I had another therapy session today (our regularly scheduled Monday session). I was so damn nervous about it that I actually sat down and wrote this affirmation to myself in her waiting room before it started:
Focus on remaining calm. It will be okay. She’s on your side. You do not have to be perfect. Just be honest. Remember to breathe. This is your treatment, so you can talk about whatever you want. If she redirects you, it is probably to keep the therapeutic space safe and if that activates feelings of rejection or invalidation, you can simply tell her that. You are stronger than you ever fully give yourself credit for. Embrace the awkward!
I think the affirmation helped because it went very well. Probably the best session we’ve had so far, actually. She asked me if I remembered Friday’s session. I do, but in that weird underwater way that I remember things when someone else is fronting. We still talked about it, though. She brought up a lot of the same points that Julia articulated in her post reflecting on that session, which I thought was very fascinating. Then I mentioned that Julia wrote a post about it and she asked if she could hear it. So I read it to her and she said several interesting things in response:
- She felt Julia was actually very articulate and spoke quite poignantly about her experiences.
- At the moment Julia was feeling stupid (and thus laughed at her), she was also feeling stupid for being laughed at, so they were both feeling stupid at the same time.
- She noted the “ten minute warning” she gave at the end of session and could clearly see that it agitated Julia.
- She did know it was Julia, based on information I had previously given her.
I was very impressed by how obviously attuned she was to Julia throughout their session and afterwards. She was paying close attention and although she wasn’t entirely sure how to navigate therapy with this new part she’d ultimately never met before, she was okay with not having all of the answers. What a relief.
Then we talked about Zooey (of course). I brought in a printed version of the “Math” post that I wrote (in which I did legitimate arithmetic to make myself feel better about my time in treatment with her). I also briefly talked about some other things, like an agenda I had written for a session where I outlined various reasons our therapeutic alliance was declining and a bulleted list of new boundary guidelines for Zooey and I. I will share those here once I fully discuss them with the new therapist.

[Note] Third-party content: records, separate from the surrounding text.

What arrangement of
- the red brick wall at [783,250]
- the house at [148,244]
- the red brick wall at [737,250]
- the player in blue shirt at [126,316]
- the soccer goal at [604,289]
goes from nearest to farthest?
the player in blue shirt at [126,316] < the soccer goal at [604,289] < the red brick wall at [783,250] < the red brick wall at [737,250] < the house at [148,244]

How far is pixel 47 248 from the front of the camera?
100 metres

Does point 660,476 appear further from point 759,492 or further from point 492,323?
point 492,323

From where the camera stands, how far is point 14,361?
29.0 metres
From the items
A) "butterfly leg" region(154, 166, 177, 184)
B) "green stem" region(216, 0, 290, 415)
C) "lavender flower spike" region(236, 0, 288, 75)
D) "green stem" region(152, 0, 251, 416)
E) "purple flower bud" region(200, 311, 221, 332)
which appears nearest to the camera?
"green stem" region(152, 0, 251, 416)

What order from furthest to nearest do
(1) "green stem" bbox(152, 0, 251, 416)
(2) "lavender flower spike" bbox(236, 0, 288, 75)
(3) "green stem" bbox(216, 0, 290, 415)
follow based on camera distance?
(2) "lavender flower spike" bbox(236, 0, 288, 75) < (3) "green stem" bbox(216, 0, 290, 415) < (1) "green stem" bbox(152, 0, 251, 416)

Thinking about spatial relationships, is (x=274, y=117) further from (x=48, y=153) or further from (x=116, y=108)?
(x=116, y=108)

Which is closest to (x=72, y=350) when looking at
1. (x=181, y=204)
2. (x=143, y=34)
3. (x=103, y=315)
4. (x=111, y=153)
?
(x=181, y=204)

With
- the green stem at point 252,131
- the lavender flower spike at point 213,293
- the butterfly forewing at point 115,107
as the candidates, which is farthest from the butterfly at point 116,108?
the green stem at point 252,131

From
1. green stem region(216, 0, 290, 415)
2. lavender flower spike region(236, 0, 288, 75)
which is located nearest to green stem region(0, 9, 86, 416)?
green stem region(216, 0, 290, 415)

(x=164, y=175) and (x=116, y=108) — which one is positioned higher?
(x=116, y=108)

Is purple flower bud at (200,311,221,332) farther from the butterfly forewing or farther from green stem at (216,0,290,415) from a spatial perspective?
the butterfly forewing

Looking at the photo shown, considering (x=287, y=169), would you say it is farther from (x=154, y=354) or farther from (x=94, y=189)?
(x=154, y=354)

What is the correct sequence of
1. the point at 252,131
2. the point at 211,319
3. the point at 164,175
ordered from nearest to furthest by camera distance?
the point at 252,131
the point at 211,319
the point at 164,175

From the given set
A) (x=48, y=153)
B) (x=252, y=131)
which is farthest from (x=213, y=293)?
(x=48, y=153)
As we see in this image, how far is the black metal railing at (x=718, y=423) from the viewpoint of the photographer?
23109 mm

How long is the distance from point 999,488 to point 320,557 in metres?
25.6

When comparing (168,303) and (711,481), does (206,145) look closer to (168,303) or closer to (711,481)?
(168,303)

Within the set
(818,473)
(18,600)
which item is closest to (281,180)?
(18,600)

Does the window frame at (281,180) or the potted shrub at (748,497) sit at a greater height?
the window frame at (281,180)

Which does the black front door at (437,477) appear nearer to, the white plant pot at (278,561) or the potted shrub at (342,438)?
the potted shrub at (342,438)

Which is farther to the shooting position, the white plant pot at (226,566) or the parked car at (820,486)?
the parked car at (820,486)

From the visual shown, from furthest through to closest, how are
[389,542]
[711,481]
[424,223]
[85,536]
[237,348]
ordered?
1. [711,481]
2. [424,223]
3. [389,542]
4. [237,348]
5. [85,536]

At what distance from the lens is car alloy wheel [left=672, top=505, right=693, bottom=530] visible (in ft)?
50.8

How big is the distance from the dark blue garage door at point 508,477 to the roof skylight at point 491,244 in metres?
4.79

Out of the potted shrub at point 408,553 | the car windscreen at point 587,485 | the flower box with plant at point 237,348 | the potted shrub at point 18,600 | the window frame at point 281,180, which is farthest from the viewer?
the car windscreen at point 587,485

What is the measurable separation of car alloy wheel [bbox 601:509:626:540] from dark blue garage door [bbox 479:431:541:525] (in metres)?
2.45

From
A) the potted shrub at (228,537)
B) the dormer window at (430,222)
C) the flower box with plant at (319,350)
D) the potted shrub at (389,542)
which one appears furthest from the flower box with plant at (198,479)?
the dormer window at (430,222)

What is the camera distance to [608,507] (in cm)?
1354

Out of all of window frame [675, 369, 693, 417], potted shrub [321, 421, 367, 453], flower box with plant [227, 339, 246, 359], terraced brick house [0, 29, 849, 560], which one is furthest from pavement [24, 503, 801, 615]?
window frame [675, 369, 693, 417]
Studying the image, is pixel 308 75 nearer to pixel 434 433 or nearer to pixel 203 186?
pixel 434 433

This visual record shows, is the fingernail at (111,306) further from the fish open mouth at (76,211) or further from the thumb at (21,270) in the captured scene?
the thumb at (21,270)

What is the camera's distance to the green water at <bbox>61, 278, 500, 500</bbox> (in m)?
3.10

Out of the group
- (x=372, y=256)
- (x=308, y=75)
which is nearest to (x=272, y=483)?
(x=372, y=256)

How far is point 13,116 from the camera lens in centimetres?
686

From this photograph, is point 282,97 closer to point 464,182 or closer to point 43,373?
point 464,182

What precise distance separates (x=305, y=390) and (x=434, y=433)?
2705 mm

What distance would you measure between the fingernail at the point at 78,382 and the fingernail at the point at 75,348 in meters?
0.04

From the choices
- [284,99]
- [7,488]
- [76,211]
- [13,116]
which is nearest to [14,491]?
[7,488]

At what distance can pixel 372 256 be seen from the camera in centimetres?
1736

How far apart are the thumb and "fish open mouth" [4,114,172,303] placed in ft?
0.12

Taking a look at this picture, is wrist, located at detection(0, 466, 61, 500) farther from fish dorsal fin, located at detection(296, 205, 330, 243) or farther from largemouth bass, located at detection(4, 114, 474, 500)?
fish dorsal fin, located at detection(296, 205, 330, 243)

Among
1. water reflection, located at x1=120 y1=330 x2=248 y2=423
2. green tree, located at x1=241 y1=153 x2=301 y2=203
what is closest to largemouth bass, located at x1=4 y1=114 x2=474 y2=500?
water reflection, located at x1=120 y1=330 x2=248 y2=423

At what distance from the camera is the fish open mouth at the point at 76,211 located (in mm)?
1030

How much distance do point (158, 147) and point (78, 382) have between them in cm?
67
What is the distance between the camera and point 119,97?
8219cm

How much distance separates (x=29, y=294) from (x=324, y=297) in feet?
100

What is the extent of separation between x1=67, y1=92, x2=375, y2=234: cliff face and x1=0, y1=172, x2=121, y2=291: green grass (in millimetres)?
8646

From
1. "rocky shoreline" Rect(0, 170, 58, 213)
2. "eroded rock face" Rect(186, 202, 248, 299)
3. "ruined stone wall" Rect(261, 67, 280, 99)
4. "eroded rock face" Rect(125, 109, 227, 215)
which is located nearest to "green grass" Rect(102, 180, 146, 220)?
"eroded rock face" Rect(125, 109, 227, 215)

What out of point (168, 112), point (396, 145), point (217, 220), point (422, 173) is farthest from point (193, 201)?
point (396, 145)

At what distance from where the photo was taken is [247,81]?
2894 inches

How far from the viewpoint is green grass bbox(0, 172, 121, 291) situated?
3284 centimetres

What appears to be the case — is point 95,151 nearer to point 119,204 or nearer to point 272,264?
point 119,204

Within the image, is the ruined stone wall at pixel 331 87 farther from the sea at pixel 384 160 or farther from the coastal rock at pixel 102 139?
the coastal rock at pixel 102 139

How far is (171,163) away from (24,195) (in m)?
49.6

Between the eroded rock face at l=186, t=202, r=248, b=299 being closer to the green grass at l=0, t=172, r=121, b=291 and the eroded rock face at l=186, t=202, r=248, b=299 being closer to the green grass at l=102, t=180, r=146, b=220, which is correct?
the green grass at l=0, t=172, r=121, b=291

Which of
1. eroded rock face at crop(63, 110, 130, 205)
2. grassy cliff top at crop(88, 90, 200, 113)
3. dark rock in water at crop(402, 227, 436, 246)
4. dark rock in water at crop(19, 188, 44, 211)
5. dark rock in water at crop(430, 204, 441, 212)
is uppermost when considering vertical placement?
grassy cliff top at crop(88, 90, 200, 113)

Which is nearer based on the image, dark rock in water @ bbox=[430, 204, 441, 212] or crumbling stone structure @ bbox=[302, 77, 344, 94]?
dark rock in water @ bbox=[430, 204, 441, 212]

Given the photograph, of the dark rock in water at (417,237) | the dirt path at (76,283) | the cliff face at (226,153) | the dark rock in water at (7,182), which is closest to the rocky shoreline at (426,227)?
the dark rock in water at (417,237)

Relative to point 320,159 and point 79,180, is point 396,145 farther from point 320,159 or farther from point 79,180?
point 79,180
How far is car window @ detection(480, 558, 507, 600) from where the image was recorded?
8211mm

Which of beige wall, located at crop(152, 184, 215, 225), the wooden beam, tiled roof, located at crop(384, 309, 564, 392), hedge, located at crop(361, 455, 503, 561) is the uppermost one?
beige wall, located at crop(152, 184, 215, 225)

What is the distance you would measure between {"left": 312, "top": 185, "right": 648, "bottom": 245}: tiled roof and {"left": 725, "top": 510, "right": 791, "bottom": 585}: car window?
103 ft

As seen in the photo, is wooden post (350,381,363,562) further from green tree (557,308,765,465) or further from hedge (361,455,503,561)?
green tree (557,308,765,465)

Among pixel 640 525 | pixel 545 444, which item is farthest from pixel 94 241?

We didn’t talk about it today because we ran out of time. I could have just given her the papers like I always did with Zooey, but this therapist doesn’t do that. She said that although I am welcome to share anything I want with her, she wants us to actually talk about it together before I hand it over. She feels that to just give pieces of paper (with very important stuff written on them) to her without discussing it is in itself a rather “dissociated” way of doing therapy. She makes a good point.
I’ll admit I felt sorta lame once I was looking it all of this paperwork again. I actually said out loud, “God, I am so stupid.“ But then the therapist was like, “I think the exact opposite. I can clearly see how hard you were working.” And she’s right. I fought so hard to figure out how to make it work with Zooey. I was constantly shifting and moving and trying to predict what would make her feel the most safe and comfortable and effective. If that is not a re-creation of my family dynamics, I don’t know what is!
But the thing is, this new therapist said that that is okay. In fact, it’s expected. Of course I’m going to re-create my family dynamics. That’s generally what happens in therapy.
Then I was explaining how at one point I started setting an alarm on my iPhone so I wouldn’t go over session time. She immediately said “Okay, just so you know – it is MY job to keep track of time. That’s what I am supposed to be doing, not you.” Zooey never did that. I actually couldn’t even SEE the clock in her office because it was sorta behind me. So although I couldn’t even tell when I was going over my session time, I was still absolutely terrified that I would go over and upset Zooey.
And that, in a nutshell, sums up exactly what I was trying to convey during this session (although it took me 50 minutes to figure that out): I cannot be responsible for her.
I cannot be the one who does all of the sacrificing and maneuvering to make this therapy work. I cannot constantly worry about whether or not she is feeling secure and empowered in her job as my therapist. I (and others) are certainly willing to partake in the work it requires to have an effective therapeutic relationship, but I need the therapist to meet me halfway (at least!). I need her to actually do her job.
Luckily, she is a) seemingly much more aware of what her job is and b) willing to, you know, do it.